• Work instructions:
Your copy should repeat each record exactly and contain none of the pictures.

• Records for the exercise:
<<<<
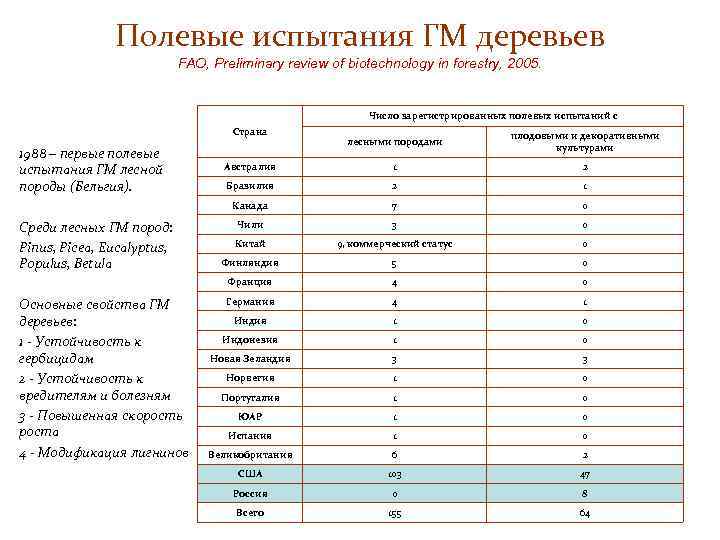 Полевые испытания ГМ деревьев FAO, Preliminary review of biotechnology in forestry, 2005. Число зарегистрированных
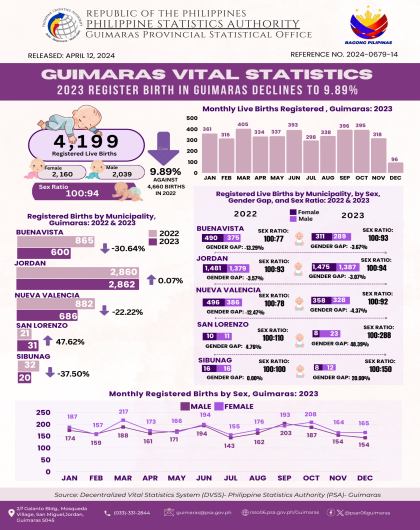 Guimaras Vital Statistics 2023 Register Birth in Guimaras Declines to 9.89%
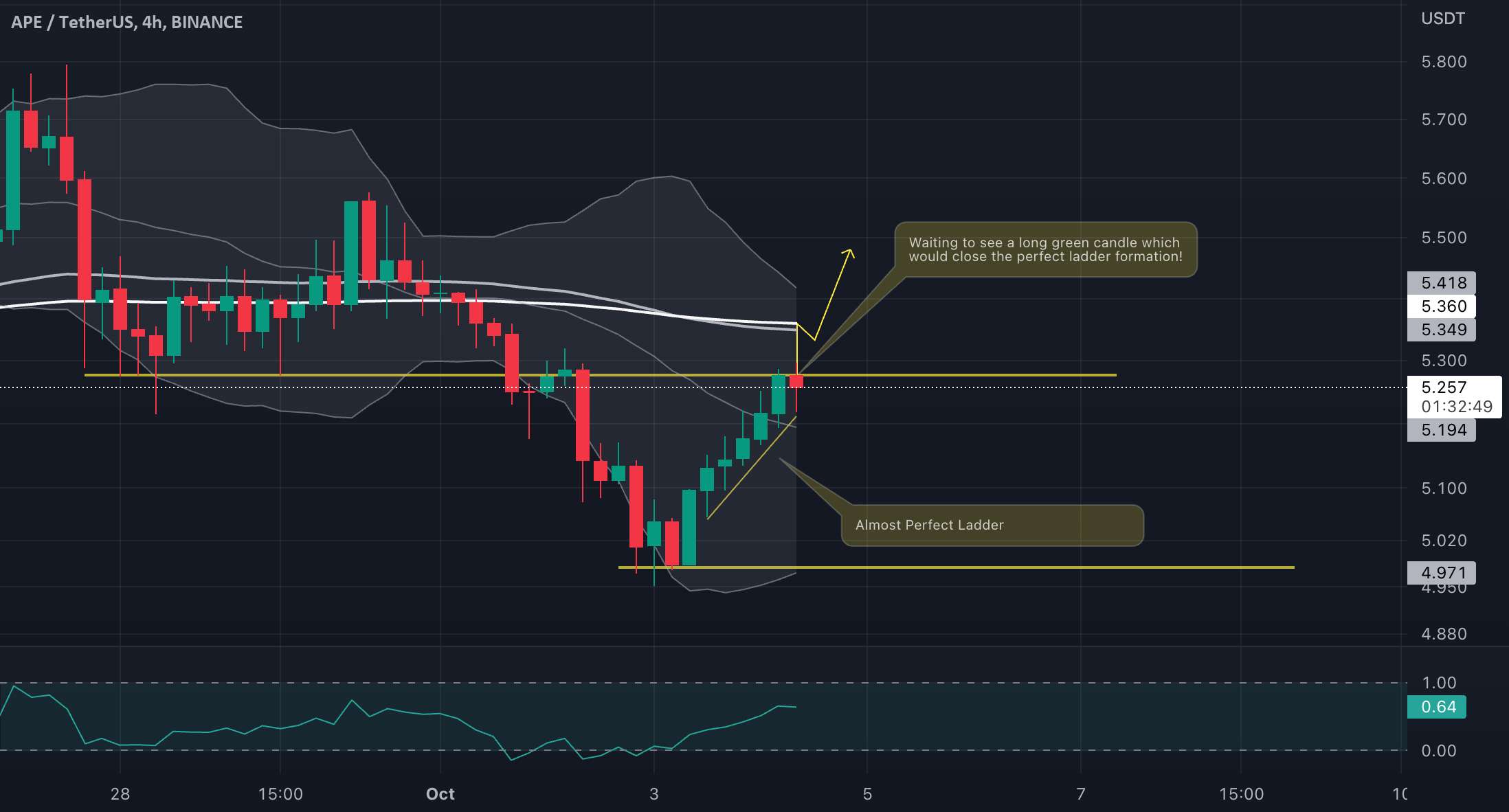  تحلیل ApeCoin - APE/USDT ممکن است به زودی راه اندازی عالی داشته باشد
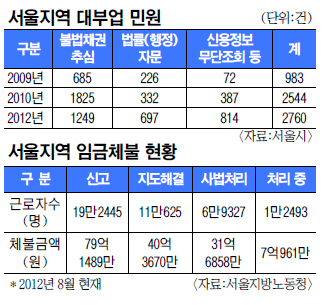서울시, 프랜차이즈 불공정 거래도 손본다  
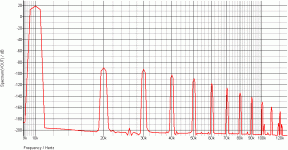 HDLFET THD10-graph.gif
>>>>
• Answer to the problem:
 Полевые испытания ГМ деревьев FAO, Preliminary review of biotechnology in forestry, 2005. Число зарегистрированных
 Guimaras Vital Statistics 2023 Register Birth in Guimaras Declines to 9.89%
  تحلیل ApeCoin - APE/USDT ممکن است به زودی راه اندازی عالی داشته باشد
서울시, 프랜차이즈 불공정 거래도 손본다  
 HDLFET THD10-graph.gif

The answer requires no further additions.